しかも、同じ町内の寺の住職の殺人容疑をかけられたまま・・・
- 純白の女
夫は、妻である自分が浮気をしたと思いこんで、一人の青年を殺害し、
投獄されている。。。そう思いこんでいる彼女は実は、、、
- 彼女の迷宮
朝倉サキは、数学者である夫の書く小説中の人物に嫉妬し、
夫の出張中に送って来る原稿を勝手に書き換えて編集者に渡していた・・・
- 真夜中の悲鳴
材料工学先攻のドクターの学生スピカは、騒音の少なくなる真夜中に
実験をしていた。当時学内では、物騒な事件がたて続けに起きていた・・・
- やさしい恋人へ僕から
大学二年の夏、初めて会ったスバル氏。

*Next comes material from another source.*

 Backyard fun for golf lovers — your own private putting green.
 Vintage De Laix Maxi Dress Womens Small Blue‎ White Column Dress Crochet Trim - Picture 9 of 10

そのスバル氏は、今の私の・・・
- ミステリィ対戦の前夜
大学のミステリー研究会に所属している西之園萌絵。
幽霊部員であったが、いろいろな意味で有名人であり、部員の競作の
審査員として岡部に説得されてやってきた・・・
- 誰もいなくなった
ミステリーツアーと題する企画に参加した浜中フカシと牧野ヨーコ。
近くのマンションの屋上から30人のインディアンが踊るのを見た後、
その舞台から彼らが消え去った。
もちろん、その舞台に出入りした人物は一人もいない・・・
- 何をするためにきたのか
甲斐田フガクは、大学に入学してきたが、何のために大学に
やってきたのか、その理由をつかみ切れていなかった・・・
- 悩める刑事
三枝モリオは、通勤バスの中で悩んでいた。
このまま仕事を続けていいのかどうか。。。
そして今日ついに、彼は辞表を出してきてしまった・・・
- 心の法則
モビカ氏とは、三回しか会ったことはない。
一度目は一年程前喫茶店で。二度目は夢の中で。今回は三度目だ。
前回彼との話題は、「心の法則」というものであった・・・
- キシマ先生の静かな生活
キシマ先生は、僕が大学のM1の時に初めて知った。
先生とは不思議と周波数があって、いろいろ教えていただいた。
彼は間違いなく天才で、尊敬に値する学者であった・・・
幻惑の死と使途
講談社ノベルズ (1997.10.5)
マジシャンの有里匠幻が、脱出マジックの最中に殺害された。
テレビ収録の最中、そして大勢の観客の目の前で。
さらに、その葬式で、彼の遺体が突然消えた。
彼は、死んだ後まで得意の脱出マジックを使ったのか???
さらに彼の後をついで、爆破して壊すビルから脱出するというマジックをした
愛弟子の有里ミカルが、脱出直後に殺害された・・・
夏のレプリカ
講談社ノベルズ (1998.1.7)
簔沢杜萌は西之園萌絵と別れた後、地下鉄を乗り継いでタクシーで実家に向かった。
ところが帰ってきてみると、お手伝いの佐伯千栄子だけがいた。
両親と姉は、急用で外出したらしい。。。
ところが、次の日になっても誰も戻って来なかった。お手伝いさんも来ない。
そのかわり...不審者が侵入していた。
彼は、杜萌にピストルを突きつけ、電話に応対した後で車で別荘に行くように
指示した・・・
今はもうない
講談社ノベルズ (1998.4.5)
笹川氏は、フィアンセの知り合いの橋爪家の別荘に招待されていた。
パーティーやら話やらに飽きて外を散策していたら、白いドレスを着た女性と
出会った。
彼女は隣りの別荘の人だったが、すぐに雨が降りそうな中、自分の別荘には
絶対帰りたくないため、これから歩いて山を降りると言う。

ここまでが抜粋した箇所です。